- _Exercise brief_: Without including any image, retype the records word for word.

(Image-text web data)
________________________

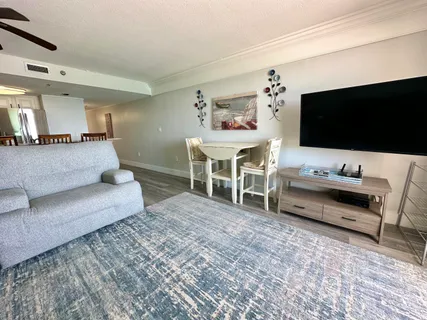 a living room with furniture and wooden floor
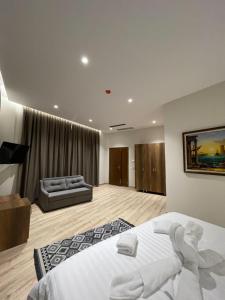 a large bedroom with a bed and a couch at Hotel Kroi near castle entrance castle and town view in Krujë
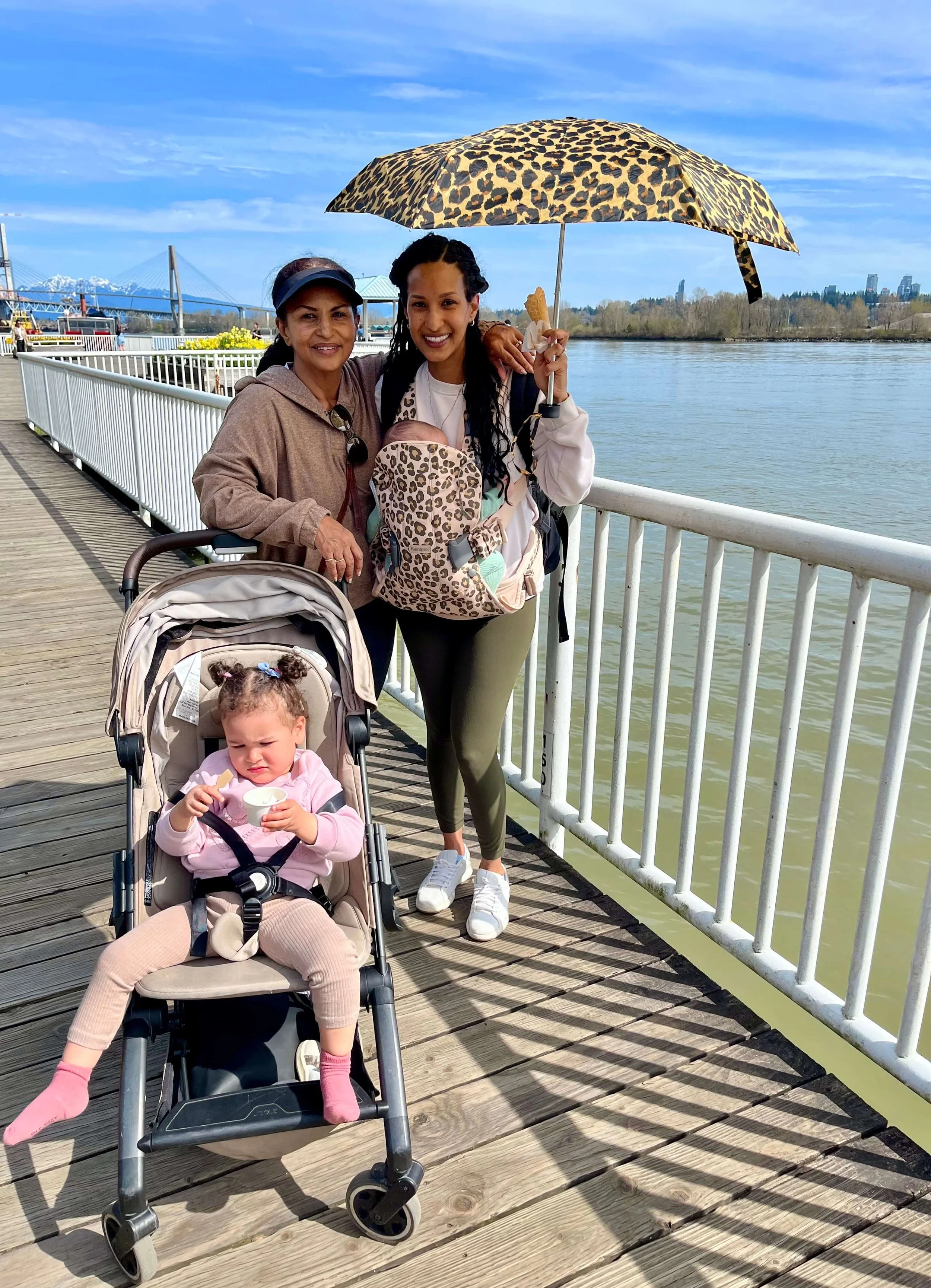 Grandmother, daughter and grandkids walking on New Westminster Quay on a sunny day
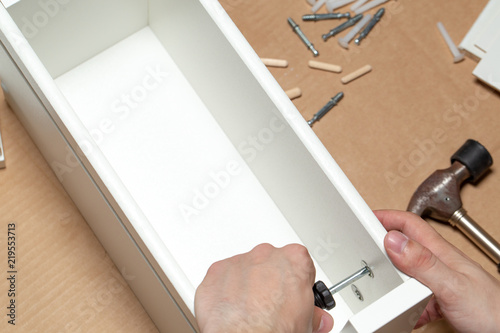 Assembling of furniture, closeup of tool in hand. Mounting screw is screwed into hole board.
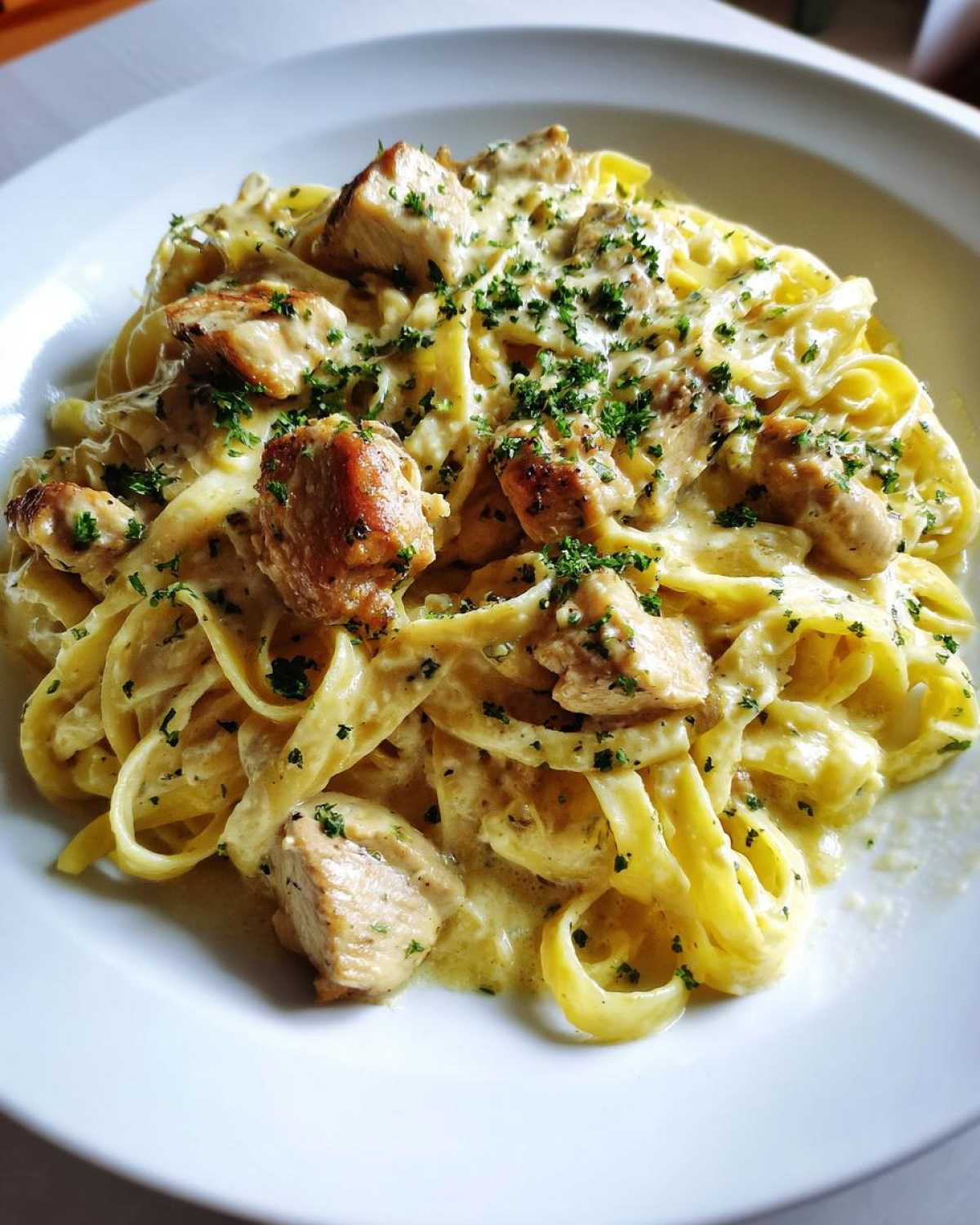 Close-up of rich Creamy Lemon Garlic Pasta with Chicken tossed in a thick sauce and topped with fresh parsley.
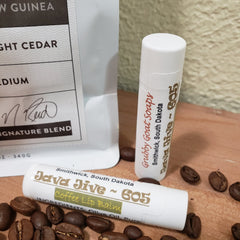 Lip balm tubes with white and gold text, coffee beans on wood surface, Grubby Goat Soaps brand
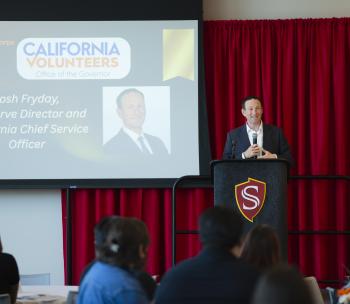 Josh Fryday, CA Chief Service Officer speaking at the College Corps End of the Year Ceremony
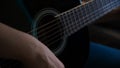 Man playing acoustic guitar at home, hand close-up. Concept. Close-up of a man playing a guitar Royalty Free Stock Photo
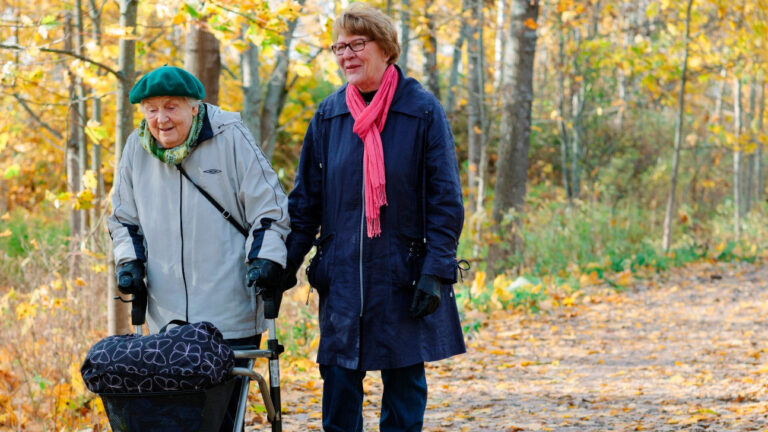 On syksy. Nainen saattaa iäkkäämpää rollaattorin kanssa kulkevaa naista.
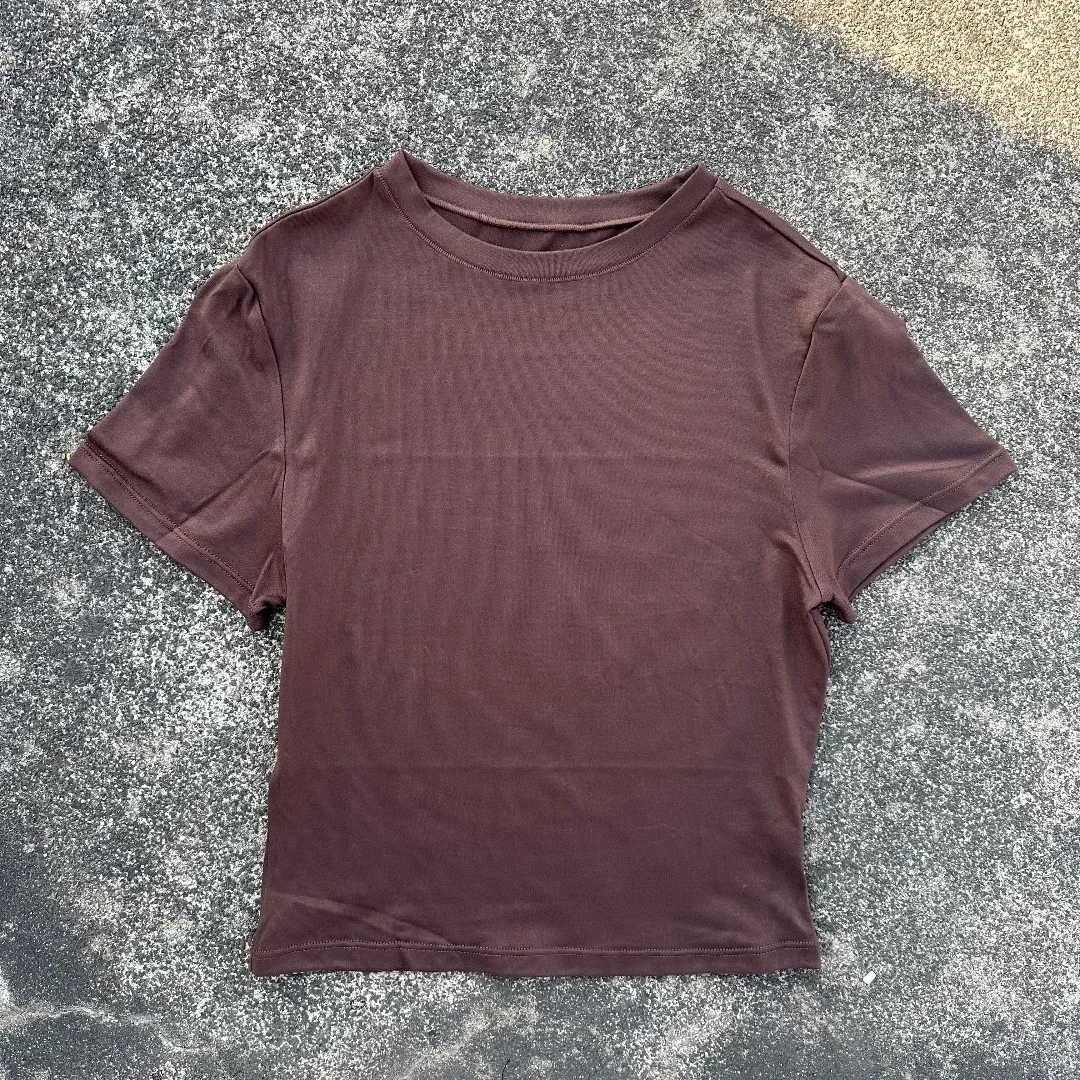 Damska koszulka do jogi z krótkim rękawem, oddychająca, w jednolitym kolorze, do treningu fitness, obcisła, z odkrytym pępkiem.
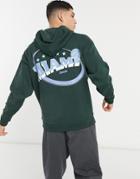 Asos Design Oversized Hoodie In Dark Green With Miami City Prints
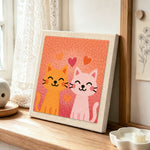 Snuggling orange and pink cat couple punch needle artwork displayed on a table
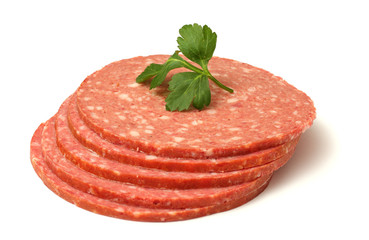 sliced red salami isolated on white background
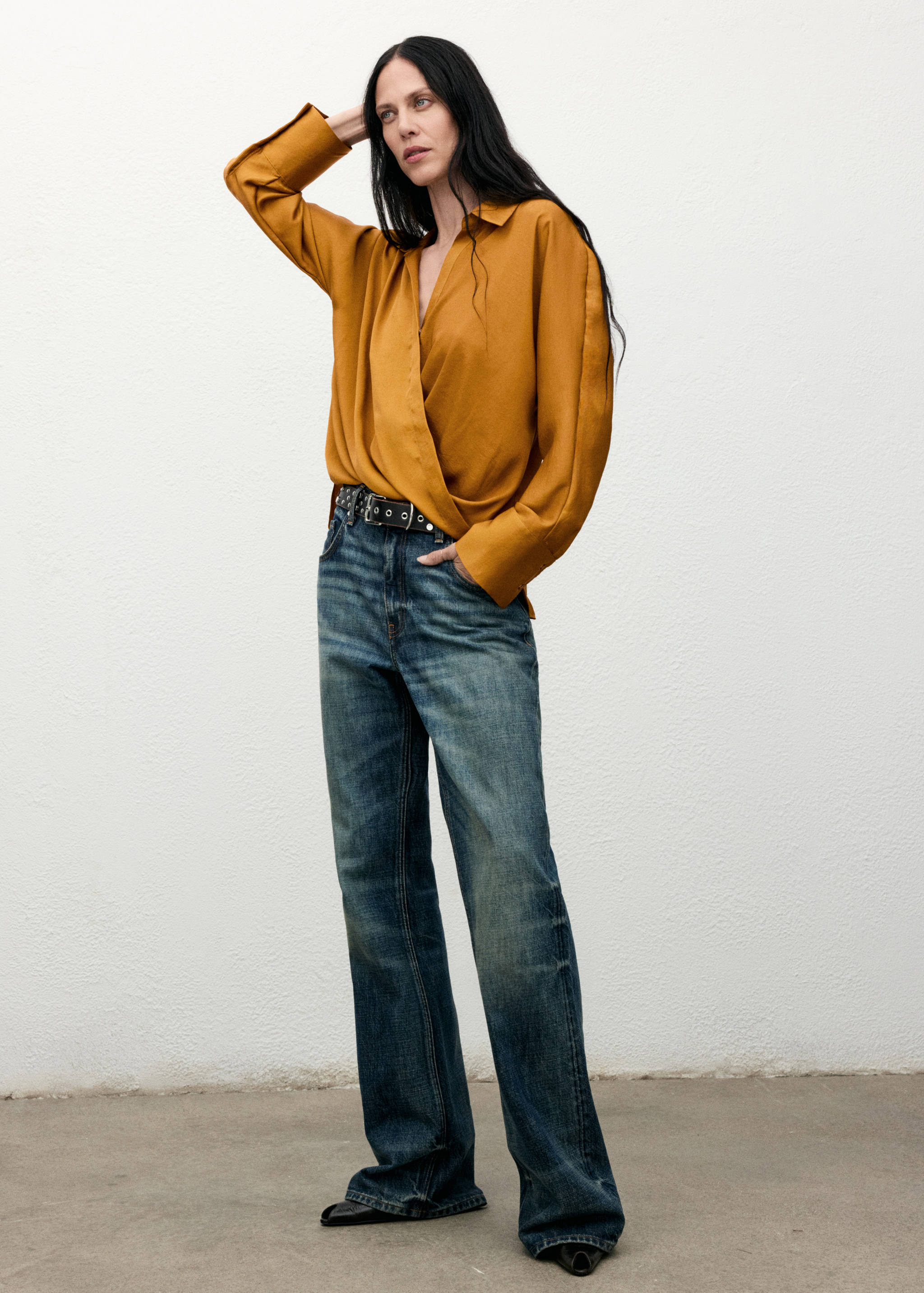 Mustard-yellow satin wrap shirt with long sleeves and a collar, worn with blue trousers.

________________________

- _Answer area_:
 a living room with furniture and wooden floor
 a large bedroom with a bed and a couch at Hotel Kroi near castle entrance castle and town view in Krujë
 Grandmother, daughter and grandkids walking on New Westminster Quay on a sunny day
 Assembling of furniture, closeup of tool in hand. Mounting screw is screwed into hole board.
 Close-up of rich Creamy Lemon Garlic Pasta with Chicken tossed in a thick sauce and topped with fresh parsley.
 Lip balm tubes with white and gold text, coffee beans on wood surface, Grubby Goat Soaps brand
 Josh Fryday, CA Chief Service Officer speaking at the College Corps End of the Year Ceremony
 Man playing acoustic guitar at home, hand close-up. Concept. Close-up of a man playing a guitar Royalty Free Stock Photo
 On syksy. Nainen saattaa iäkkäämpää rollaattorin kanssa kulkevaa naista.
 Damska koszulka do jogi z krótkim rękawem, oddychająca, w jednolitym kolorze, do treningu fitness, obcisła, z odkrytym pępkiem.
 Asos Design Oversized Hoodie In Dark Green With Miami City Prints
 Snuggling orange and pink cat couple punch needle artwork displayed on a table
 sliced red salami isolated on white background
 Mustard-yellow satin wrap shirt with long sleeves and a collar, worn with blue trousers.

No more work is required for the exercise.